Apple’s mobile devices go out of their way to minimise energy use and eke out the charge in their batteries, but there is one big stumbling block for them: poor mobile signal coverage.

Spend a day in an area with good coverage, with light to moderate mobile use, and you’ll return home with the majority of your battery endurance remaining. Spend just a few hours hopping through areas of patchy coverage, and your battery power can drop quickly to 20% even when you don’t do a great deal.

This is a particular problem when visiting or travelling in more remote and less populous areas. During my recent visit to the Isle of Lewis in the Outer Hebrides, this was the order of the day – there are few districts in the Scottish islands which have as good coverage as even rural parts of southern England, for example. Spend a little time crossing Scotland by train, and it is just as bad.

You can avoid this by putting the device into Airplane mode, disabling its incessant search for signal. But until you revert back to normal mode, your device will then miss all opportunities to connect. A much better solution would be a compromise: less persistent searching for signal, better energy economy, and made more accessible than Airplane mode too.

Another irritant when moving around areas with patchy signal coverage are duplicate notifications. It’s hard to know whether these result from third-pary apps which fail to handle notifications properly, or a problem in iOS 10, but on many occasions the same notifications appeared each time that my iPhone found a signal.

Perhaps devices like iPhones and iPads are only really intended for use in areas with good signal coverage, but I’m sure that plenty of iPhone and iPad users don’t have that privilege.

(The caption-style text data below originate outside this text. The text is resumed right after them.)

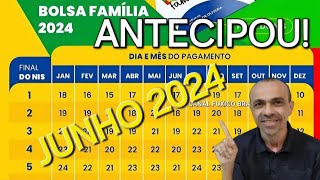 AGORA É OFICIAL SAIU O CALENDÁRIO JUNHO DO NOVO BOLSA FAMÍLIA 2024 COMPLETO ANTECIPADO [upl. by Alan]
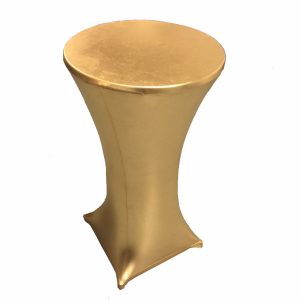 STÅBORDSDUK, elastisk guld Ø60 cm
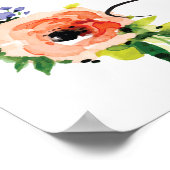 Heute wähle ich Joy Art Print Poster (Ecke)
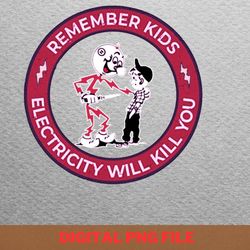 electricity will kill you indiscriminately png, electricity will kill you png, kilowatt digital png files
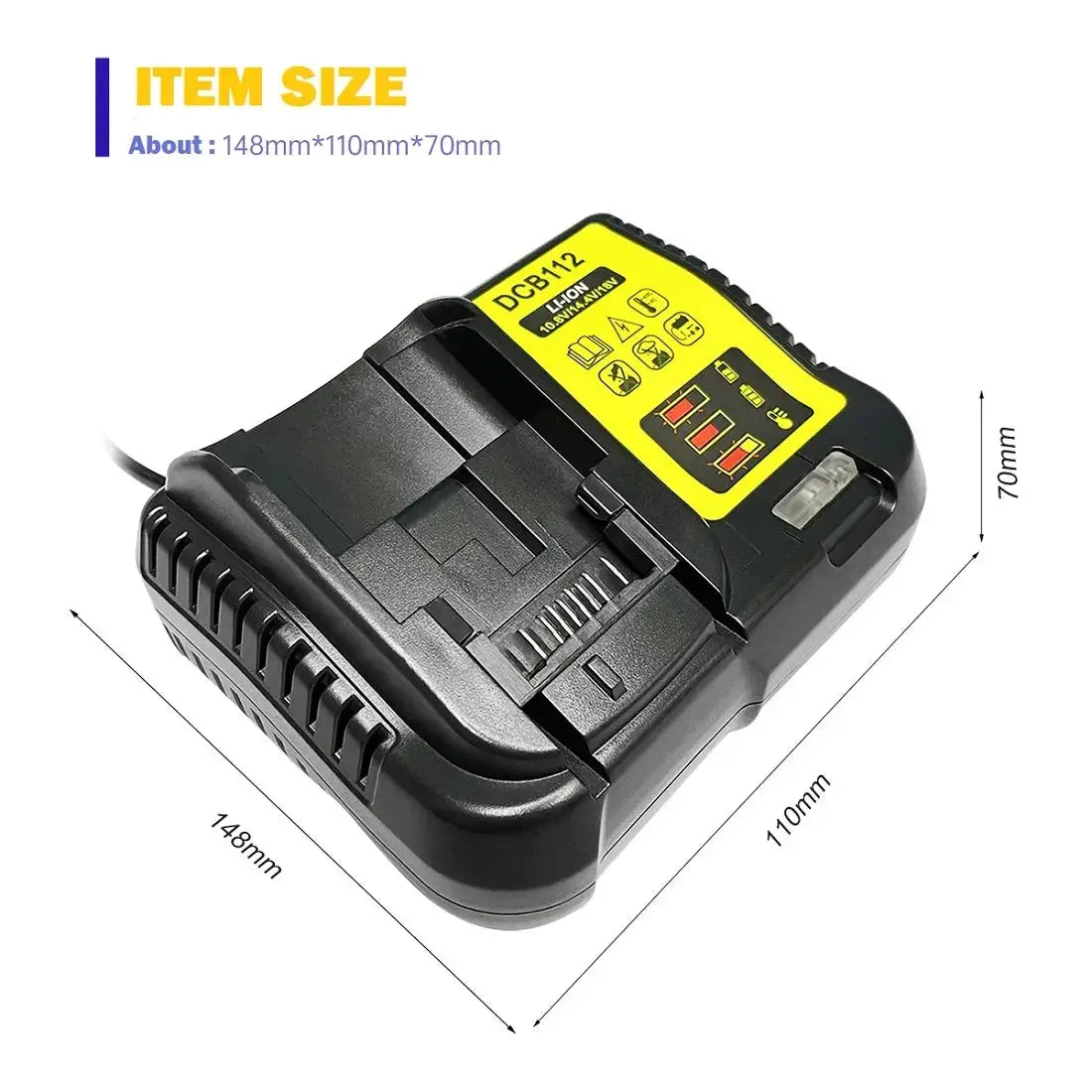 2A DCB112 Universal Fast Charger For All Battery Types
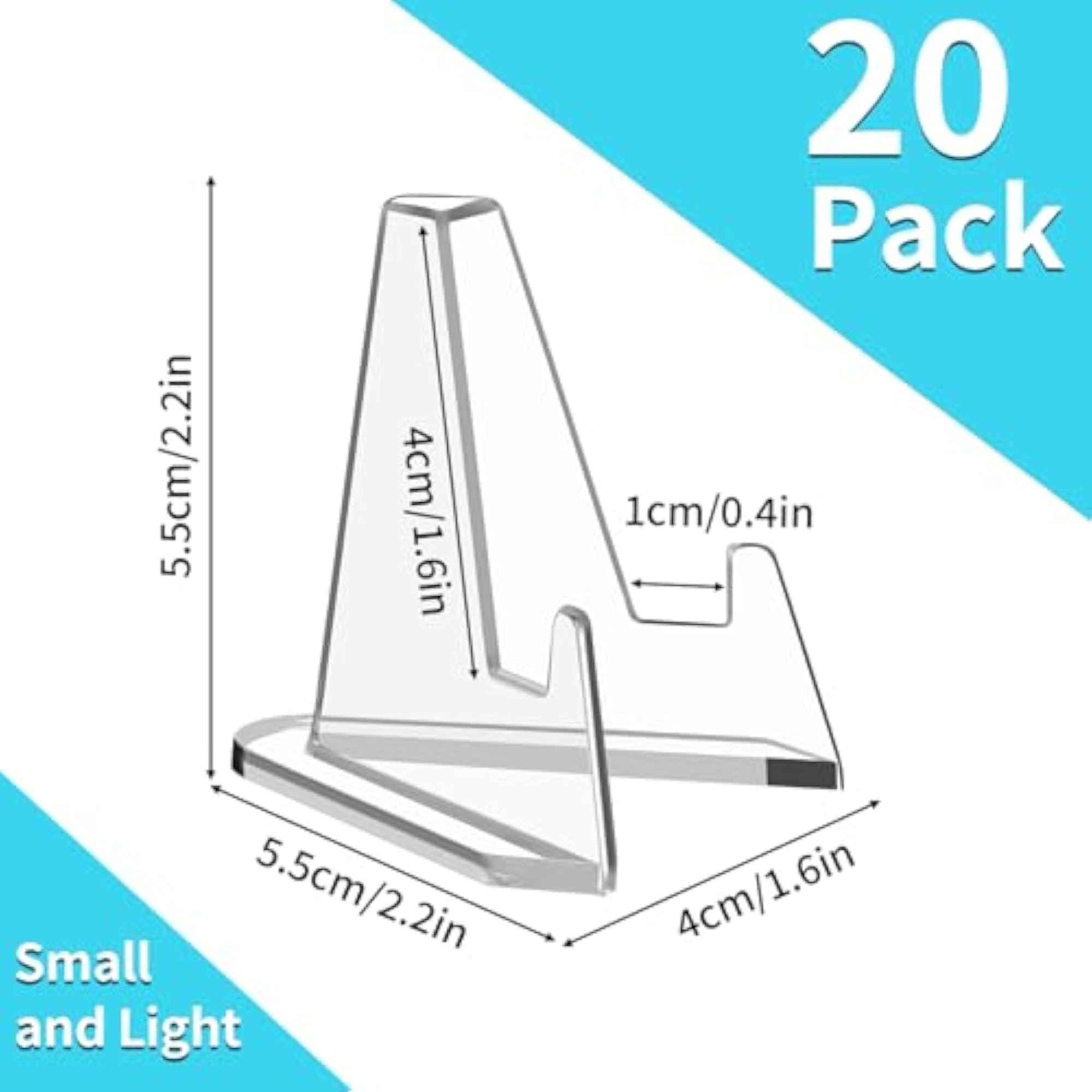 Card Display Stand, 20 Pcs Small Acrylic Easel Holders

Several people have pointed out Low Power Mode, and suggested that may help. Yes it does, but not much, because much of the power is being used searching for mobile signal, and using weak signals. Apple’s recommendation for patchy and poor coverage is Airplane mode, as I wrote above. So you can choose to have poor battery life and intermittent connections, or good battery life and no connections at all. There is no compromise.